> Stored data
———

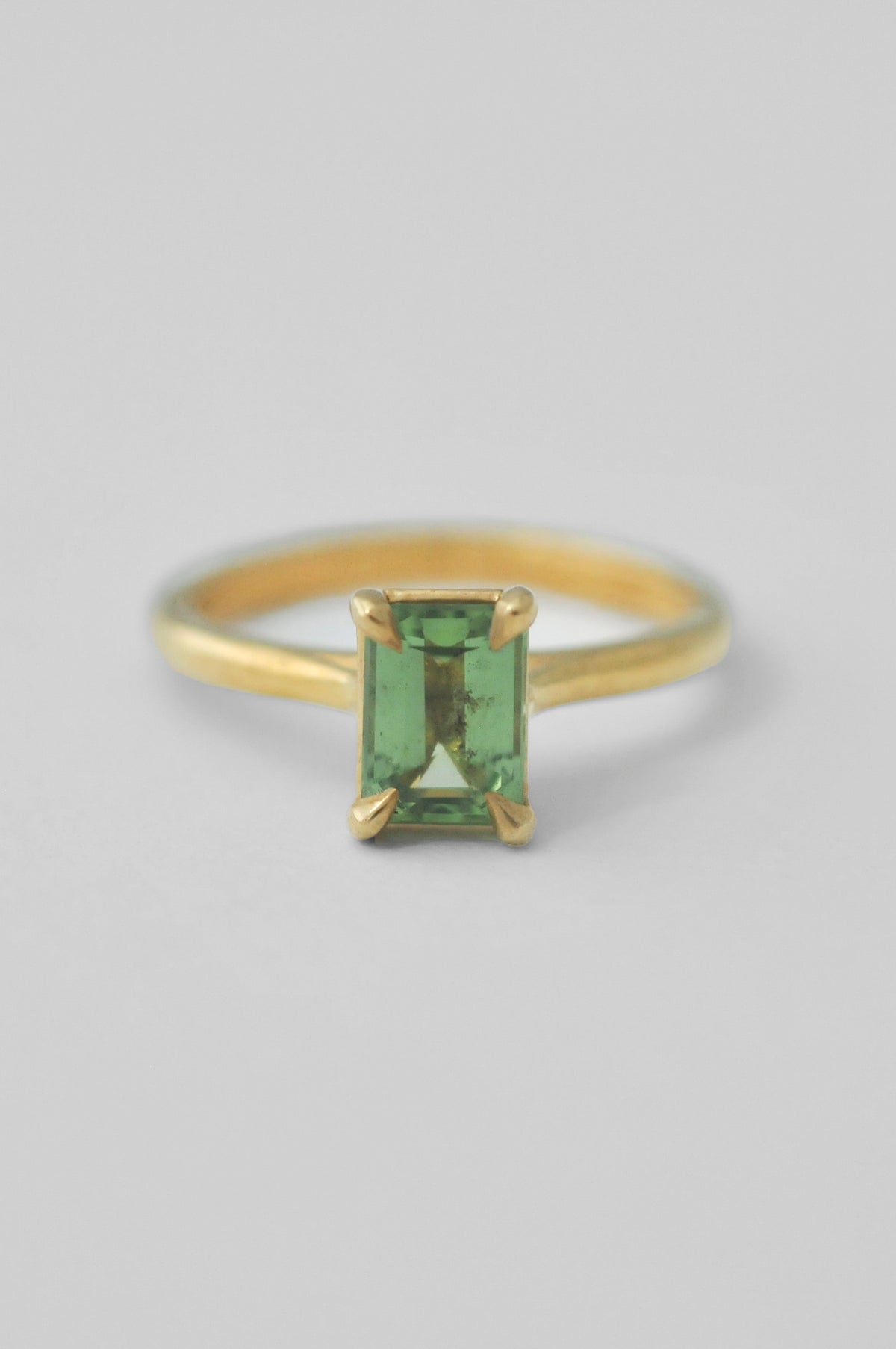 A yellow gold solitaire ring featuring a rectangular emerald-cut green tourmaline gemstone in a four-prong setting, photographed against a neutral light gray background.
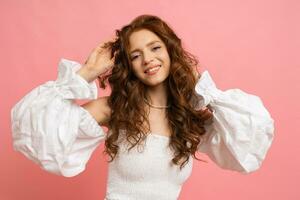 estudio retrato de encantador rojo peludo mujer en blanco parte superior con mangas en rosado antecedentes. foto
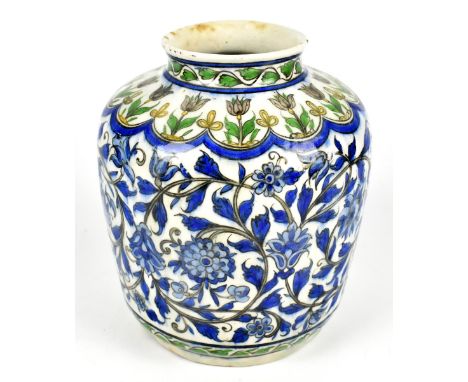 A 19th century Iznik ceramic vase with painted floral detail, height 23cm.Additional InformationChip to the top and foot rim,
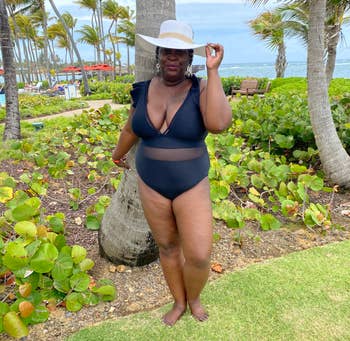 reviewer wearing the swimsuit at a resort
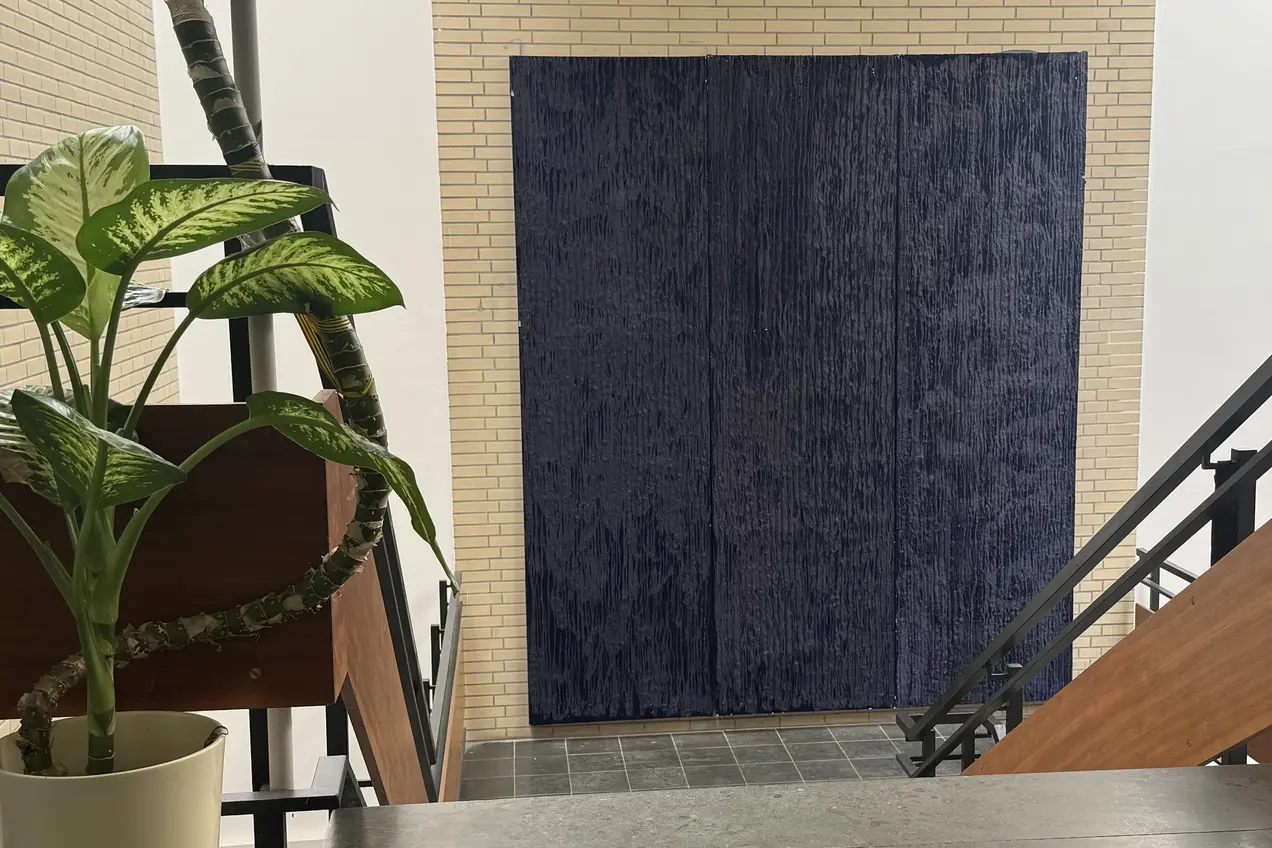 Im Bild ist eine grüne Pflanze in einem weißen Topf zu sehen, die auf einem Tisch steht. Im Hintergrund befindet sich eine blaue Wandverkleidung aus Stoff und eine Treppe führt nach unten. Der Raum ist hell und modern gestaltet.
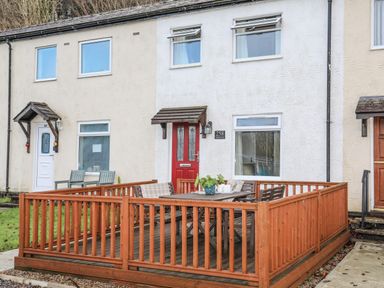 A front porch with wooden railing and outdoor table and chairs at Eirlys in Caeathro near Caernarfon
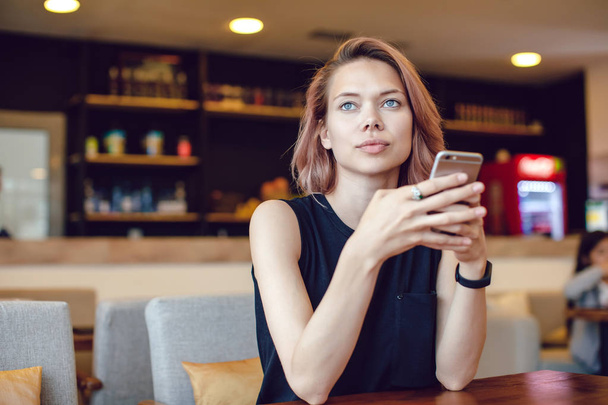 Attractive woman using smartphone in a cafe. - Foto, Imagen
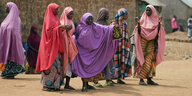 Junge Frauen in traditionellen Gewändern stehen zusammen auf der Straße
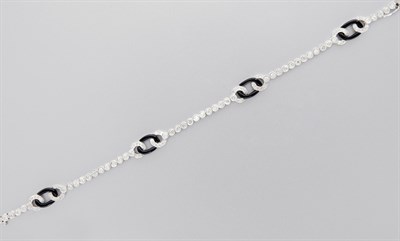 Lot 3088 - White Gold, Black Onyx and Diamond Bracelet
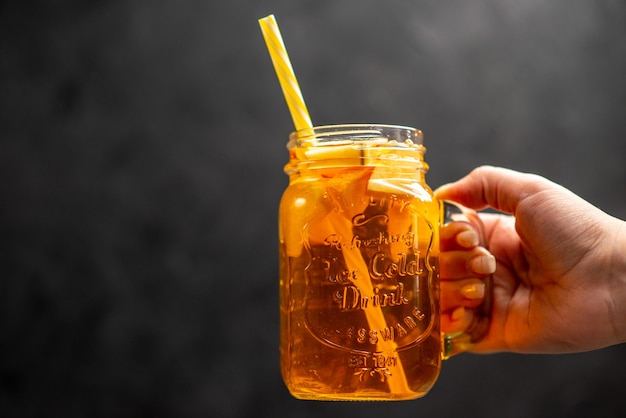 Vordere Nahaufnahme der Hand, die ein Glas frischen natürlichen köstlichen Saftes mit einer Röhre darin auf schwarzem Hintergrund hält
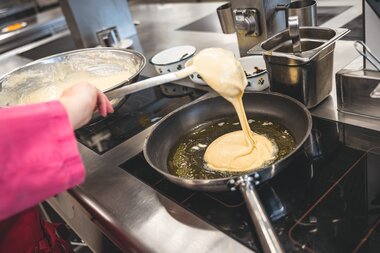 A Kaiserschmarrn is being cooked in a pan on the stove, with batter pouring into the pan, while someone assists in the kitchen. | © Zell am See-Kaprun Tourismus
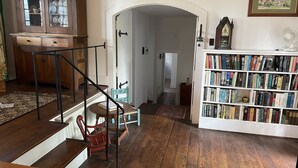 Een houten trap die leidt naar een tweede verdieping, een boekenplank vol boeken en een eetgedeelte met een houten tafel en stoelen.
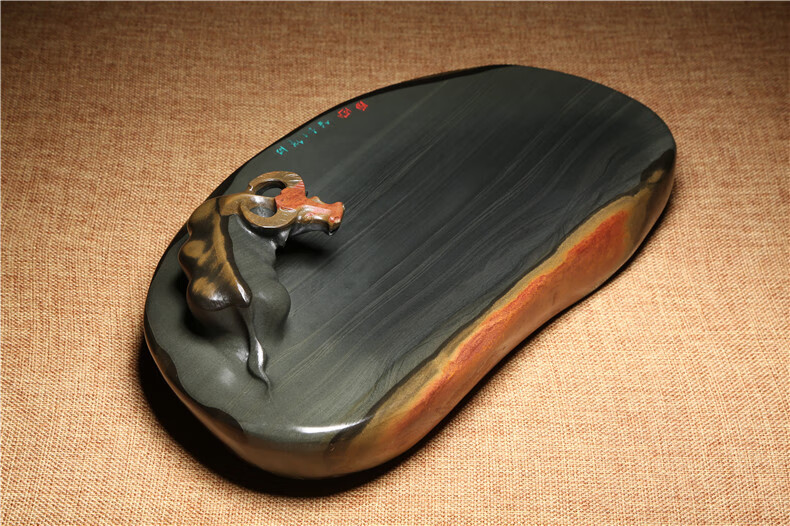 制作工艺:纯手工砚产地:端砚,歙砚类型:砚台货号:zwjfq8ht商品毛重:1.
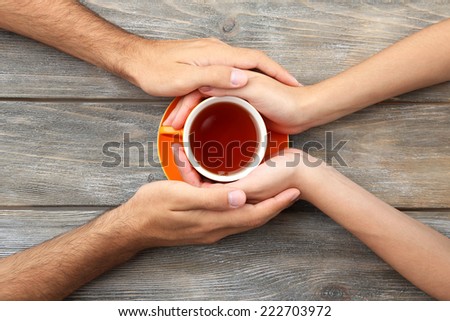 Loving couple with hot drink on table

———

> What the exercise asks
Using the records above, return verbatim only the part that opens with the line containing "A front porch" and closes with the line containing "Vordere Nahaufnahme der"; pictures stay out.

> Reply to the task
 A front porch with wooden railing and outdoor table and chairs at Eirlys in Caeathro near Caernarfon
 Attractive woman using smartphone in a cafe. - Foto, Imagen
 Junge Frauen in traditionellen Gewändern stehen zusammen auf der Straße
 Lot 3088 - White Gold, Black Onyx and Diamond Bracelet
 Vordere Nahaufnahme der Hand, die ein Glas frischen natürlichen köstlichen Saftes mit einer Röhre darin auf schwarzem Hintergrund hält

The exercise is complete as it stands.